> On 24 Jan 2019, at 14:15, Jedrzej Nowacki <jedrzej.nowa...@qt.io> wrote:
> 
> Typical use case I have with bug fixing in dev is when I develop a feature 
> and 
> I see let's say a memory leak in the code that I'm modifying or somewhere 
> around. With the merge model I have four options now:
> 1. Pretend that I haven't seen it
> 2. Make a fix in LTS and develop my feature separately, counting on the merge 
> master to resolve conflicts
> 3. Do the fix only in dev
> 4. Make a fix in LTS and wait for all merges before I continue with the 
> feature
> If it is a memory leak then it is not as bad as memory corruption and 
> crashes, 
> as at that point I can not use approach 2. Option 1 and 3 are not great from 
> QA perspective. Option 4 is slow and kills motivation for development.

5. Ask Liang to do a merge ASAP, as soon as the LTS fix is integrated

6. Do the merge yourself on dev, push it, add reviewers, and in the meantime, 
develop your feature on top (but so far we have a cultural limitation on who is 
allowed to do this)

7. Cherry-pick the fix patch on dev so that you can keep working.  After that:
7a.
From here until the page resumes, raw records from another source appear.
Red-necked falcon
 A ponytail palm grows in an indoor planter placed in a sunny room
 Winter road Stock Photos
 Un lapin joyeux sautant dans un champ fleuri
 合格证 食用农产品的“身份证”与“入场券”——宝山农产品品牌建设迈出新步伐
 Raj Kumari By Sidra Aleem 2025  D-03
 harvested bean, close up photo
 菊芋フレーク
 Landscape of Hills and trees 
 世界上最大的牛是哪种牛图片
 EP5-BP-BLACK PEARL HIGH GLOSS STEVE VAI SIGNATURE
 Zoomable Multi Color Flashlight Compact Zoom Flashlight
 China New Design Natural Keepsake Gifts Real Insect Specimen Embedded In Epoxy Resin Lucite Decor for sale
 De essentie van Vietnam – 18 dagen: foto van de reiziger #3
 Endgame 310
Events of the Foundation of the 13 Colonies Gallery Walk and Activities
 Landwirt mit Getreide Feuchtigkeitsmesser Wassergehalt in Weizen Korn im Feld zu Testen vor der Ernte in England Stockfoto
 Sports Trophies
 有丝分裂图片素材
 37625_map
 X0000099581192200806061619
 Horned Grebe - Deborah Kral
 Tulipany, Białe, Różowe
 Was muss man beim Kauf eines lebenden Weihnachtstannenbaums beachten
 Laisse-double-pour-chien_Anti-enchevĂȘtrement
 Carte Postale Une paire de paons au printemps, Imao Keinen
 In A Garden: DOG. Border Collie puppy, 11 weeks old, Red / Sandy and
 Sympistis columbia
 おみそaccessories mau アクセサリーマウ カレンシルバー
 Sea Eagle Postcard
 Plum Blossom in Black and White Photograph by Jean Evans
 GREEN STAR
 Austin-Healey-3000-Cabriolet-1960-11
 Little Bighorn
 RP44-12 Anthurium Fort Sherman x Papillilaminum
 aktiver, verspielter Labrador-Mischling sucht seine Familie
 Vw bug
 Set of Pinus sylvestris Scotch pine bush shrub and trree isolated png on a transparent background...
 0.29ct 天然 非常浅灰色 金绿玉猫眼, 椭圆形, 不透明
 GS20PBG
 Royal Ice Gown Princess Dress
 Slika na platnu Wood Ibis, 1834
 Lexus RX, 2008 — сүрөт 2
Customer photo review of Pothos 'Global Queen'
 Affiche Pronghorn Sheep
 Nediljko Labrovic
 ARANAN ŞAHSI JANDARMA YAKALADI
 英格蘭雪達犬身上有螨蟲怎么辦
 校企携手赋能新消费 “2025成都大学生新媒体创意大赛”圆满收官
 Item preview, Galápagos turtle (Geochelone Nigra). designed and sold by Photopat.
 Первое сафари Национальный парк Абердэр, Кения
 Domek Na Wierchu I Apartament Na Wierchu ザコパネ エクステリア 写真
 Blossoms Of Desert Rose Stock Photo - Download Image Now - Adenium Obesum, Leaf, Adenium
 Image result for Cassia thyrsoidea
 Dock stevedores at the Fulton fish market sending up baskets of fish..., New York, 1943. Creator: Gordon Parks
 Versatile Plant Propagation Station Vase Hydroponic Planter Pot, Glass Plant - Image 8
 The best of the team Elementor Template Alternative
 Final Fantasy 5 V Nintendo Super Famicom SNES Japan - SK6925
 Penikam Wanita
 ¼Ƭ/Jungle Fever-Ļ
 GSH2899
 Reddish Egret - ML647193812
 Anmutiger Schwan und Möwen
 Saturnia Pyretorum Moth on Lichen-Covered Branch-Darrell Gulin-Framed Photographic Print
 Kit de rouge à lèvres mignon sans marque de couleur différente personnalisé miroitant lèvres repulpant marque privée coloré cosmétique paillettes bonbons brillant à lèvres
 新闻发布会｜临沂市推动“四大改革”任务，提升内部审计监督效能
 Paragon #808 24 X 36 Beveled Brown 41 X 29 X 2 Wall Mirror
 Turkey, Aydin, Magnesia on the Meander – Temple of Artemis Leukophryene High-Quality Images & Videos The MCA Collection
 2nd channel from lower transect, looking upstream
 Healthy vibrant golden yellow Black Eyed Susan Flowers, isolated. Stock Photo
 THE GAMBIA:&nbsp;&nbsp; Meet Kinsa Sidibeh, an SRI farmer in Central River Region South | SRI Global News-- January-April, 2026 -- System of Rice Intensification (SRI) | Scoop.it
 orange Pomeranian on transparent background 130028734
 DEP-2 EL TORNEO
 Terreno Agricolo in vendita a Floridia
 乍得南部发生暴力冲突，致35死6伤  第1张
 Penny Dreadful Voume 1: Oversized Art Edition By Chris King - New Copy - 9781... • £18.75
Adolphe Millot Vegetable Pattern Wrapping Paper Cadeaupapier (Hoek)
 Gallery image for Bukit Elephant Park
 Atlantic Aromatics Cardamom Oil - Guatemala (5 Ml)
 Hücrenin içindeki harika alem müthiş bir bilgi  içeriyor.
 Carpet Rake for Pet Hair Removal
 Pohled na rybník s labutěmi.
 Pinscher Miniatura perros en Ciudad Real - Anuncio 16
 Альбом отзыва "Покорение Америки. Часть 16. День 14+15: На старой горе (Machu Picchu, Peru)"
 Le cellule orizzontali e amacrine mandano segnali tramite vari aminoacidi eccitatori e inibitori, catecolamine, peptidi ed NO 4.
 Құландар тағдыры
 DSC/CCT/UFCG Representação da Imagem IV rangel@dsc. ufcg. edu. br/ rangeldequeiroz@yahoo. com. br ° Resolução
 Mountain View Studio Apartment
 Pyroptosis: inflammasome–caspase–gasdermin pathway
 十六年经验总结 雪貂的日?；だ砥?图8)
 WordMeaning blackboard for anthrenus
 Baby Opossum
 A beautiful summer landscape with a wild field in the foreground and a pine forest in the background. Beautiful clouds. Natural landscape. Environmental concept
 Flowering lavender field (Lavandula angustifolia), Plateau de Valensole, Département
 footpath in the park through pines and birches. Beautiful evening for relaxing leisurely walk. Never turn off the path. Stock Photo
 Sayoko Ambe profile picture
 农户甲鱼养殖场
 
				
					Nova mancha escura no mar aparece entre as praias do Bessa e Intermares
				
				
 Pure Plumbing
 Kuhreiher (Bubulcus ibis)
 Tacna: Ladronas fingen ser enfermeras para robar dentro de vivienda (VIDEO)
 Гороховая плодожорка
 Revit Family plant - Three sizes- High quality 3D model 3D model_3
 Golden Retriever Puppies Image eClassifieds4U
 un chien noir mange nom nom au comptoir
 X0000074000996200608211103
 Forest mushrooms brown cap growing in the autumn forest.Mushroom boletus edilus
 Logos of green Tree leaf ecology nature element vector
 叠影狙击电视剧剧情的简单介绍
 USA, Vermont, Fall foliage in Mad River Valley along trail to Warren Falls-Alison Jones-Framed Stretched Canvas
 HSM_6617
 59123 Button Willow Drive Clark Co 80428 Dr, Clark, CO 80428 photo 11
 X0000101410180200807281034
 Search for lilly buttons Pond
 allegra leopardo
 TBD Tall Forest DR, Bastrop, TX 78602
Periodically run git pull —rebase locally until the rebase pulls in the 
merged fix, and your new changes are now on the tip; by then, nobody can see 
that you did the cherry-pick; or, 
7b. Push both patches, with the cherry-picked fix marked WIP and with a note 
that it’s a temporary cherry-pick, so that nobody will try to review or 
integrate it (or write redundant comments reminding you that you shouldn’t do 
that).  This way you can get your new work reviewed: you just can’t stage it 
until the merge is done (and then you can abandon the cherry-picked fix).